Leverett had left the NSC by the time the fax arrived, but he said in an interview that he knows the document was sent to the NSC. It also went to Rice's predecessor as secretary of state, Colin Powell, former officials have said.




From this thread:


Iran offered up "the grand bargain" to Bush in May, 2003, and he blew it off.

From Craig Unger in the March, 2007 issue of Vanity Fair:


Shortly after the invasion of Iraq, when the U.S. mission there seemed accomplished or at least accomplishable, Iran came to fear that it would be next in the crosshairs. To stave off that possibility, Iran's leadership, including Supreme Leader Ayatollah Ali Khamenei, began to assemble a negotiating package. Suddenly, everything was on the table—Iran's nuclear program, policy toward Israel, support of Hamas and Hezbollah, and control over al-Qaeda operatives captured since the U.S. went to war in Afghanistan.

This comprehensive proposal, which diplomats took to calling "the grand bargain," was sent to Washington on May 2, 2003, just before a meeting in Geneva between Iran's U.N. ambassador, Javad Zarif, and neocon Zalmay Khalilzad, then a senior director at the National Security Council. (Khalilzad went on to become the U.S. ambassador to Iraq and was recently nominated to be America's envoy to the U.N.) According to a report by Gareth Porter in The American Prospect, Iran offered to take "decisive action against any terrorists (above all, al-Qaeda) in Iranian territory." In exchange, Iran wanted the U.S. to pursue "anti-Iranian terrorists"—i.e., the MEK. Specifically, Iran offered to share the names of senior al-Qaeda operatives in its custody in return for the names of MEK cadres captured by the U.S. in Iraq.
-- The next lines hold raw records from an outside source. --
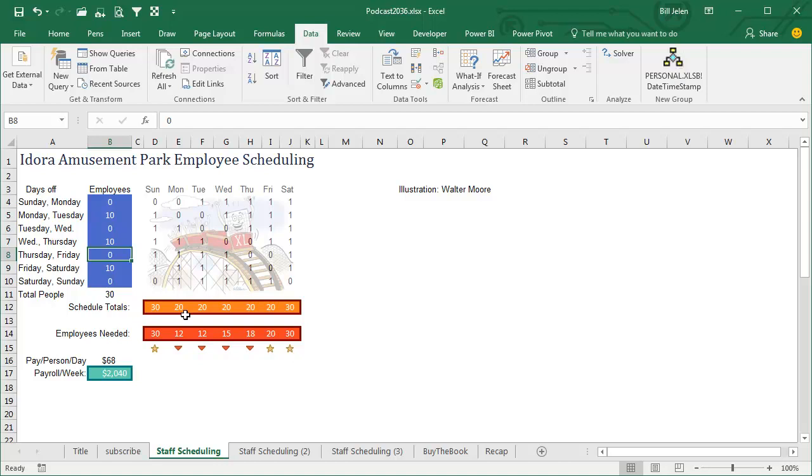That, to me, is slightly better than what solver came up with, does that mean that solver failed? No, absolutely not, because I never would have gotten this close without solver, once solver gave me the answer, I was able to tweak it a little bit and get there.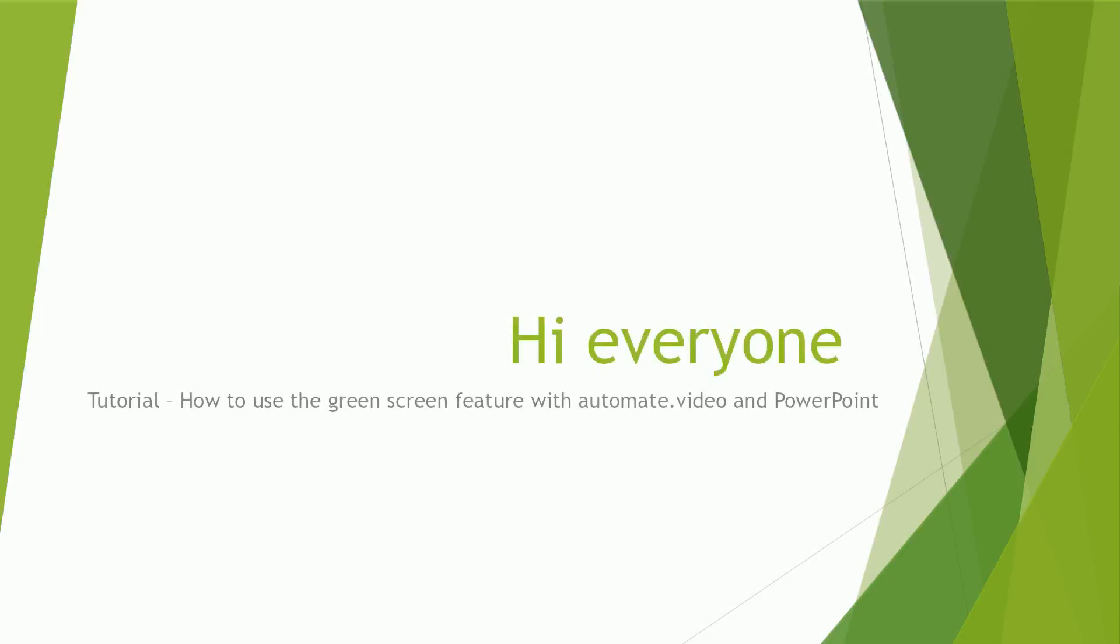Hi everyone, in this tutorial we will learn how to use the green screen feature available in automate video in order to create special effects in a short time. Let's begin.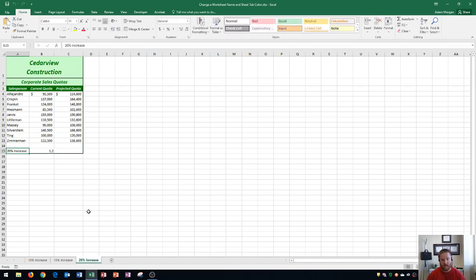And so now all three of our sheets have been renamed, and we can do that pretty quickly. Now, the next part of this video is going to be showing you how to adjust the tab color of the sheet.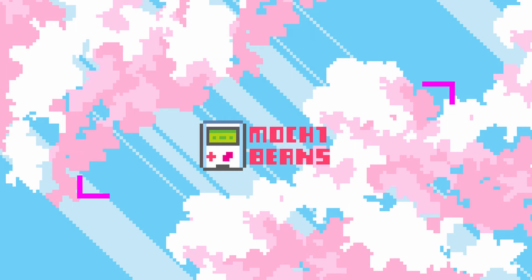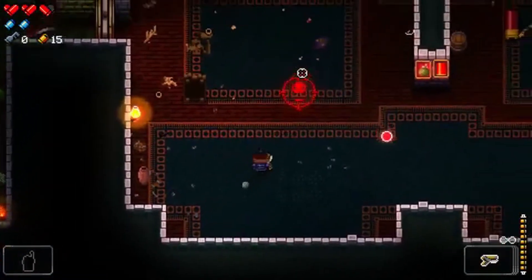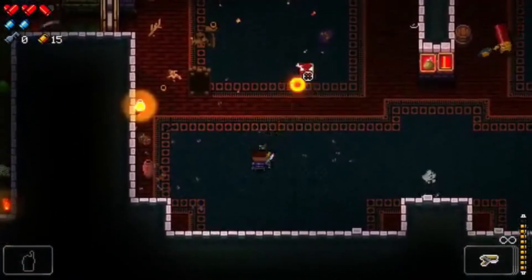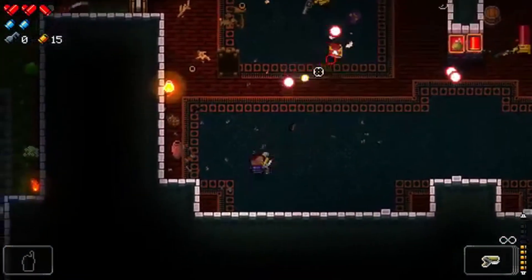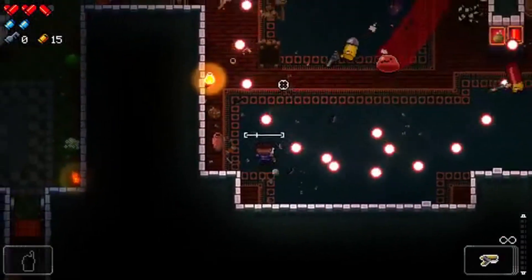Hi guys, and welcome to the introduction video for the upcoming tutorial series, where we teach you how to make a video game in GameMaker Studio 2. We'll guide you through making a dungeon crawler based on the chaotic sub-genre of shooters known as Bullet Hells. These include games such as Enter the Gungeon and Just Shapes and Beats.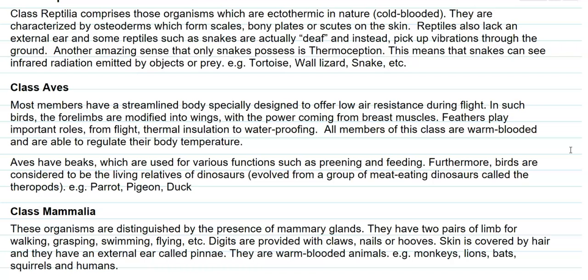The skin is covered by hair and they have an external ear called the pinna. They are warm-blooded in nature. Examples of organisms in this category include monkeys, lion, bat, squirrels, and humans.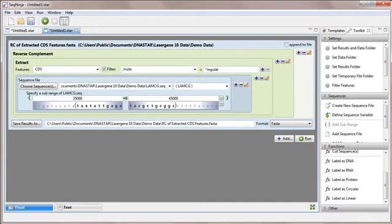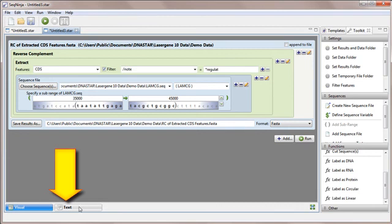So far, we've only looked at SeqNinja's visual view. To open the text view, click on the Text tab at the bottom of the window.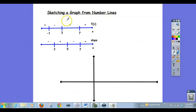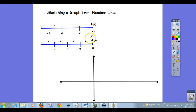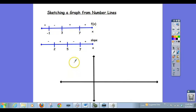In this video, we're going to learn how to sketch a graph from a couple of its number lines. I don't know the equation of this function, but I do have its f(x) number line and its slope number line, and based on the information I gather from these two number lines, I can get a pretty accurate sketch of the function.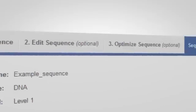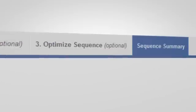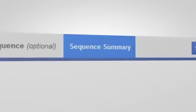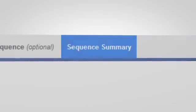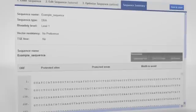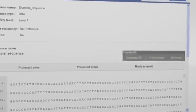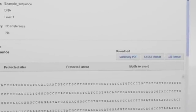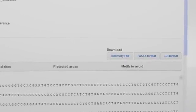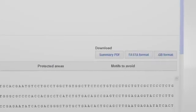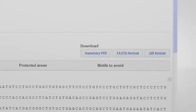At any time you can check your sequence in the Sequence Summary tab. Here you can also download the sequence in different formats, as well as a printable PDF version of the Sequence Summary.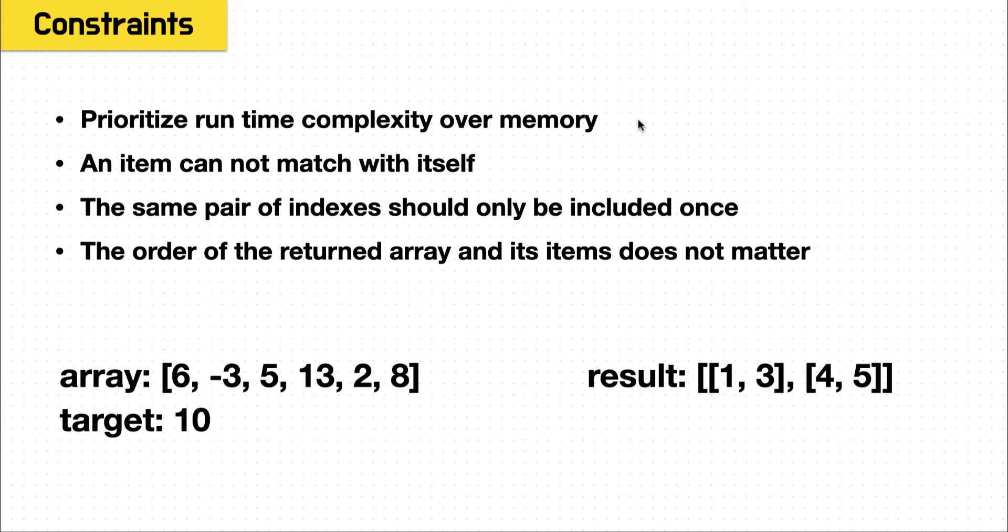But here, it's just explicitly stating that. The next constraint is that an item cannot match with itself. So we know that we have a 5 in the array, and 5 plus 5 is 10. But we can't say the same index is a pair. So this does not count towards our solution.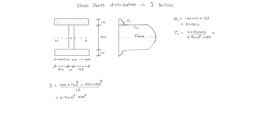Which is equal to 7.97 into 10 power minus 5 v.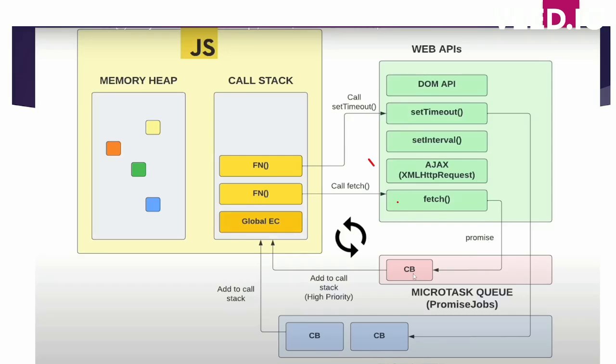Micro task queue is given priority over the macro task queue or the callback task queue. Task queue, micro task queue, callback queue are the same thing. So that is why promise, remember the code snippet had promise printed, because promise is sent into micro task queue which is given higher priority by event loop.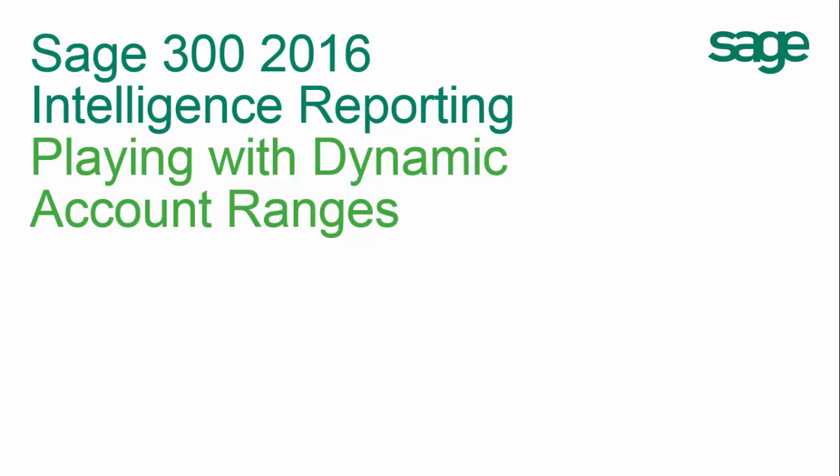Dynamic Account Ranges is a new feature in Sage Intelligence Reporting, and you may be wondering what it is. So let's start off by explaining it in a conceptual way.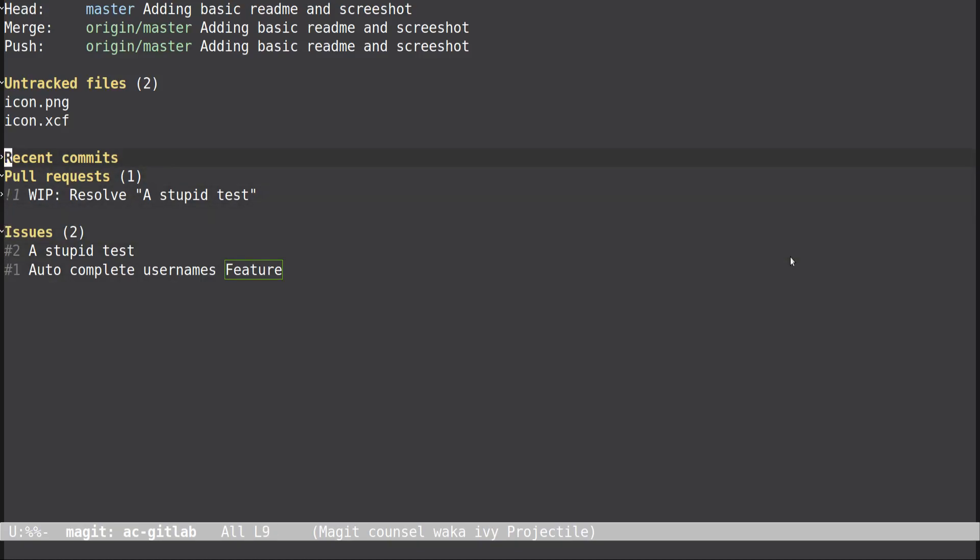Forge is from the creator of Magit, so if you don't know what Magit is you should. I made a little project that does some autocompletions for GitLab quick actions, and I'll show that out in a second.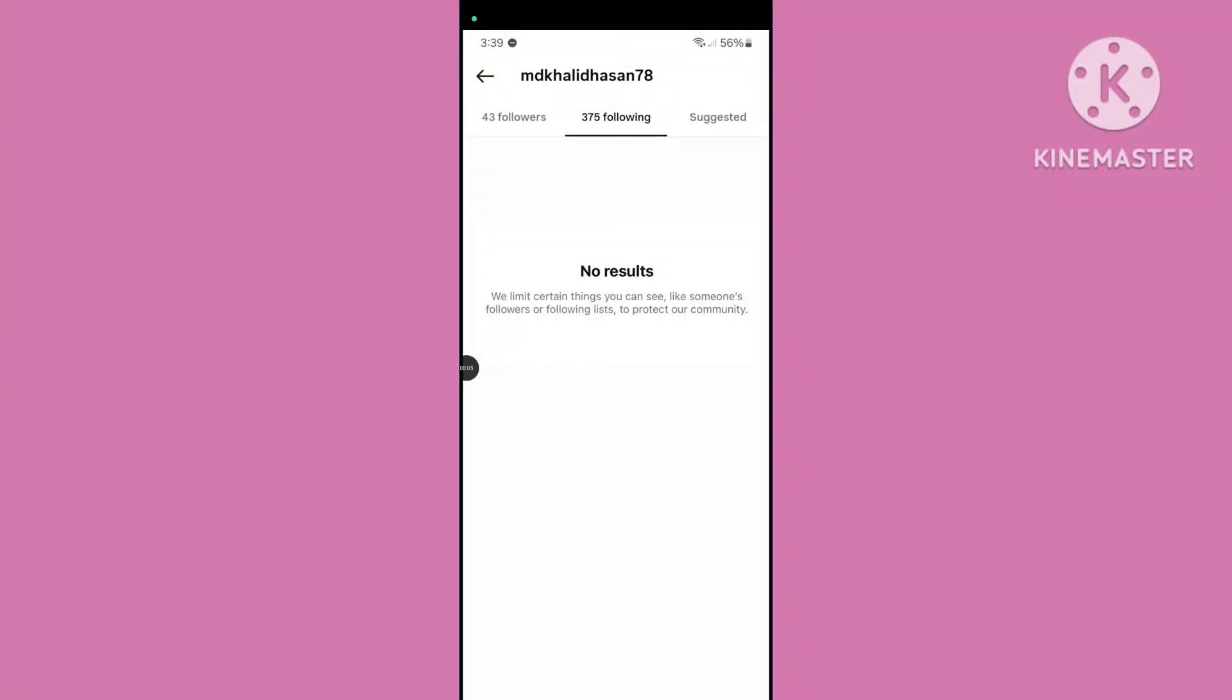Hello viewers, in this video I'll show you how to fix Instagram following list no result problem. Let's see the solution.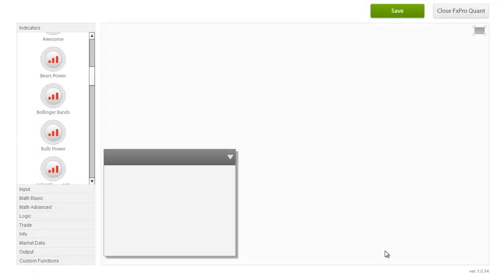In this video, we will demonstrate how the various functions of the Strategy Builder, also known as nodes, can be combined to create the logic of your strategy.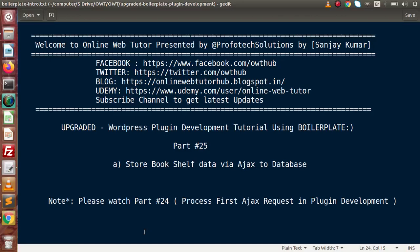Hello guys, welcome to Online Web Tutor presented by the Profotech Solutions team. I am Sanjay. We are learning WordPress plugin development tutorial using boilerplate. This is our part number 25.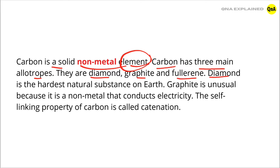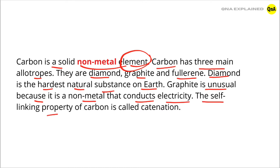Diamond is the hardest natural substance on earth. Graphite is unusual because it is a non-metal that conducts electricity. The self-linking property of carbon is called catenation.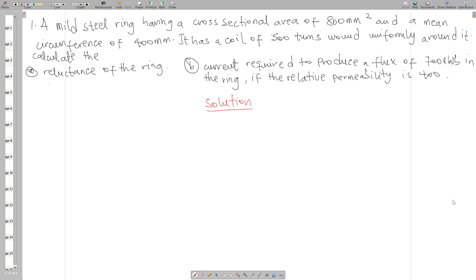Hello and welcome to today's tutorial session with Kainemak. In today's lesson we are going to solve some questions on magnetic circuits. Question one says that a mild steel ring having a cross-sectional area of 800 mm squared and a mean circumference of 400 mm has a coil of 500 turns wound uniformly around it. We have to calculate the reluctance of the ring and also the current required to produce a flux of 700 microweber in the ring, if the relative permeability is 400.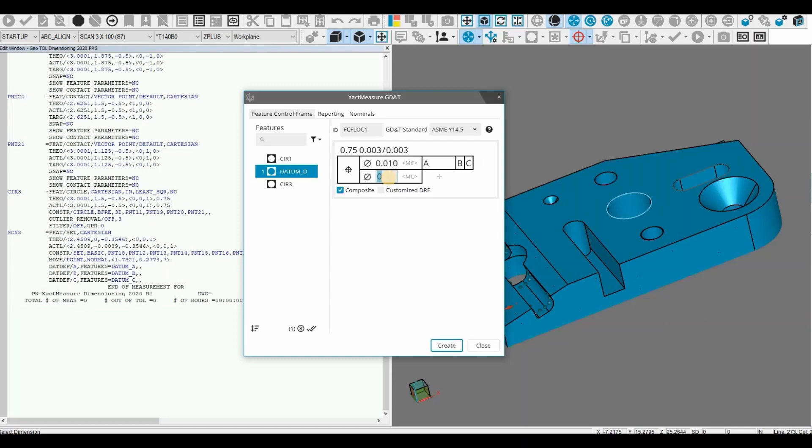With exact measure, true position and profile was only capable of two segments.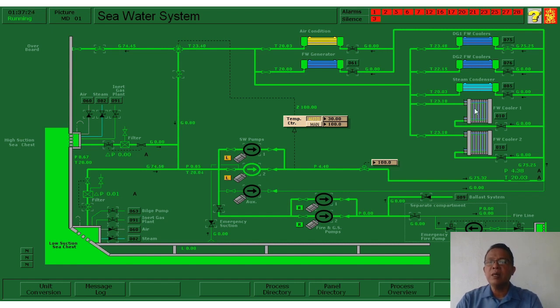We open up the other cooler, close this one, and we can open and clean it. It is called a backup or standby system.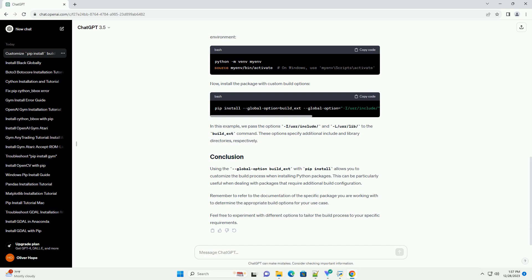In this example, we pass the options -I /usr/include/ and -L /usr/lib/ to the build_ext command. These options specify additional include and library directories, respectively.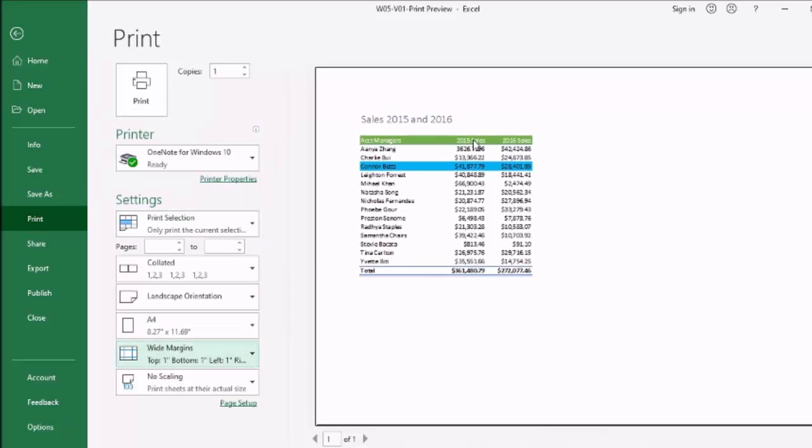These were the settings which were made to print this small worksheet and now I have one of one copy. Check the copies and go to the print. By clicking on this you can print this worksheet without any trouble.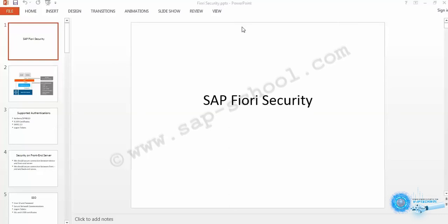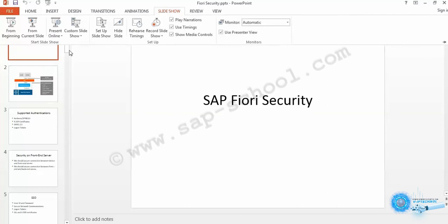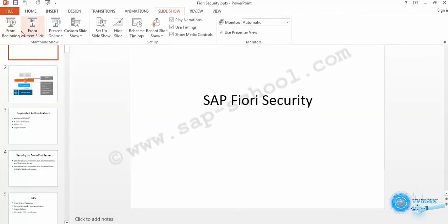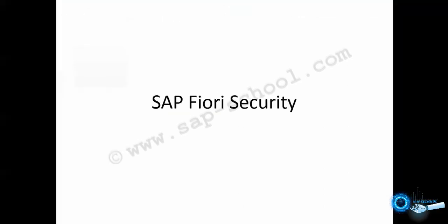Hi, in this session we will discuss SAP Fiori security. We will look into what is security and why it is required.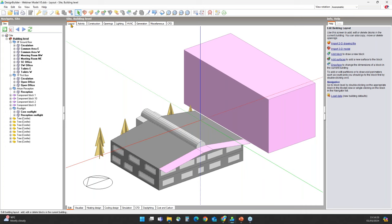Next, after general, we have LEED. When the LEED option is selected, all the settings are preset to LEED requirements. For example, the working plane height is set to 0.76 meters. We also get a dropdown list to select the LEED version, and checkboxes to request Option 1, Option 2, or both simulations. Depending on the selection, relevant settings become available.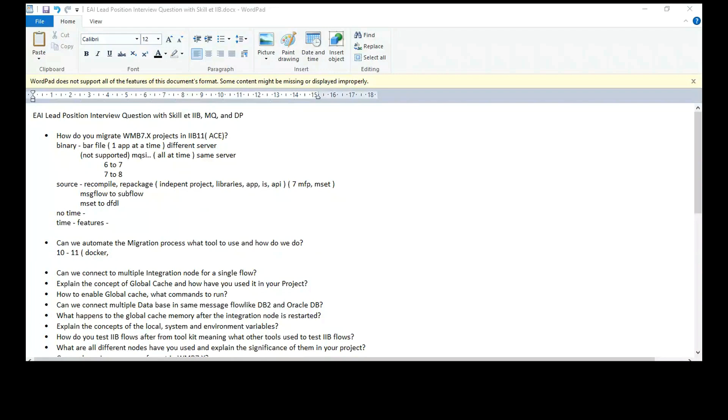So I'm trying to recall the name of the tool. And also we are planning to use API features in IAB 11. So we wanted to have some tool which can easily migrate and quickly migrate the flows and projects.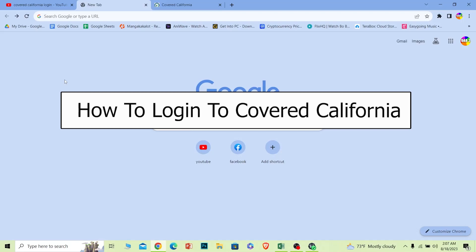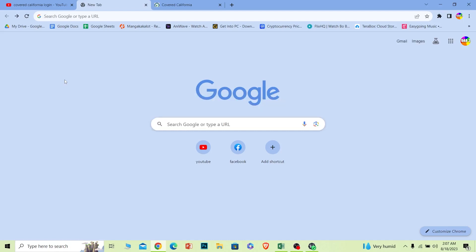Welcome to our channel One Step where we post tutorial videos. In today's video I will teach you how you can log in to your Covered California account. It's pretty simple, so follow the steps.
Well aware that the U.S. was concerned about its nuclear program, Iran proclaimed its right to "full access to peaceful nuclear technology," but offered to submit to much stricter inspections by the International Atomic Energy Agency (I.A.E.A.). On the subject of Israel, Iran offered to join with moderate Arab regimes such as Egypt and Jordan in accepting the 2002 Arab League Beirut declaration calling for peace with Israel in return for Israel's withdrawal to its pre-1967 borders. The negotiating package also included proposals to normalize Hezbollah into a mere "political organization within Lebanon," to bring about a "stop of any material support to Palestinian opposition groups (Hamas, Jihad, etc.) from Iranian territory," and to apply "pressure on these organizations to stop violent actions against civilians within borders of 1967."

To be sure, Iran's proposal was only a first step. There were countless unanswered questions, and many reasons not to trust the Islamic Republic. Given the initiative's historic scope, however, it was somewhat surprising when the Bush administration simply declined to respond. There was not even an interagency meeting to discuss it. "The State Department knew it had no chance at the interagency level of arguing the case for it successfully," former N.S.C. staffer Flynt Leverett told The American Prospect. "They weren't going to waste Powell's rapidly diminishing capital on something that unlikely."

Iran had sent the proposal through an intermediary, Tim Guldimann, the Swiss ambassador to the U.S. A few days later, Leverett said, the White House had the State Department send Guldimann a message reprimanding him for exceeding his diplomatic mandate. "We're not interested in any grand bargain," said Undersecretary of State for Arms Control and International Security John Bolton, who went on to become interim ambassador to the U.N. until his resignation last December.